--- Available data Enclosed Below ---

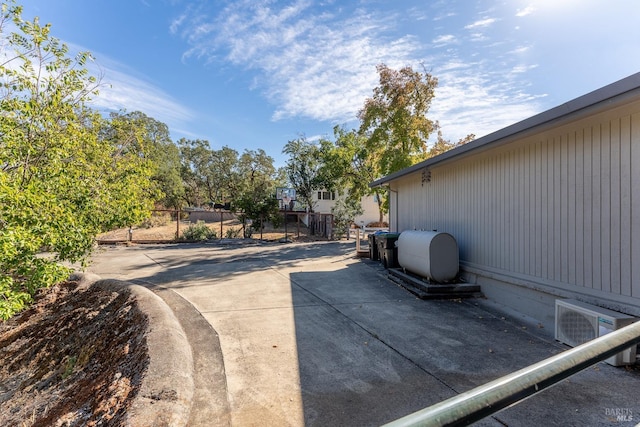 view of patio featuring ac unit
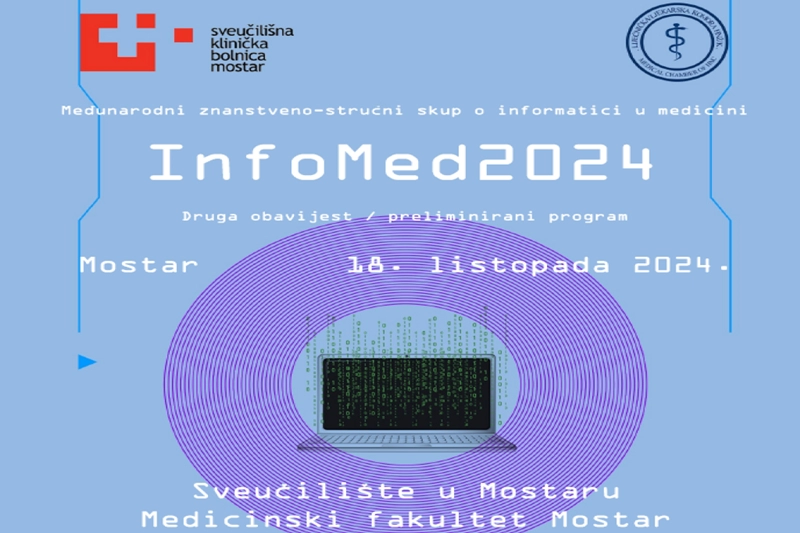 Prvi znanstveno-stručni simpozij 'InfoMed 2024' 18. listopada u Mostaru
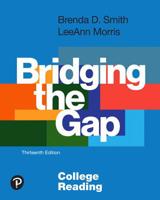 Bridging the Gap: College Reading 0135808146 Book Cover
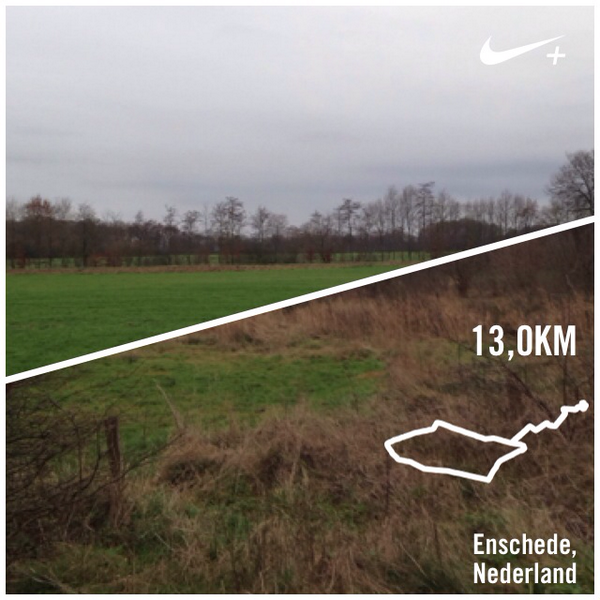 Heerlijk 13 km door het Aamsveen gerend I just ran 13,0 km with Nike+. go.nike.com/05l9ctgp #nikeplus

--- End of Enclosed Available data ---

Work item: Copy out the data verbatim, excluding the pictures.

Your response:
 view of patio featuring ac unit
 Prvi znanstveno-stručni simpozij 'InfoMed 2024' 18. listopada u Mostaru
 Bridging the Gap: College Reading 0135808146 Book Cover
 Heerlijk 13 km door het Aamsveen gerend I just ran 13,0 km with Nike+. go.nike.com/05l9ctgp #nikeplus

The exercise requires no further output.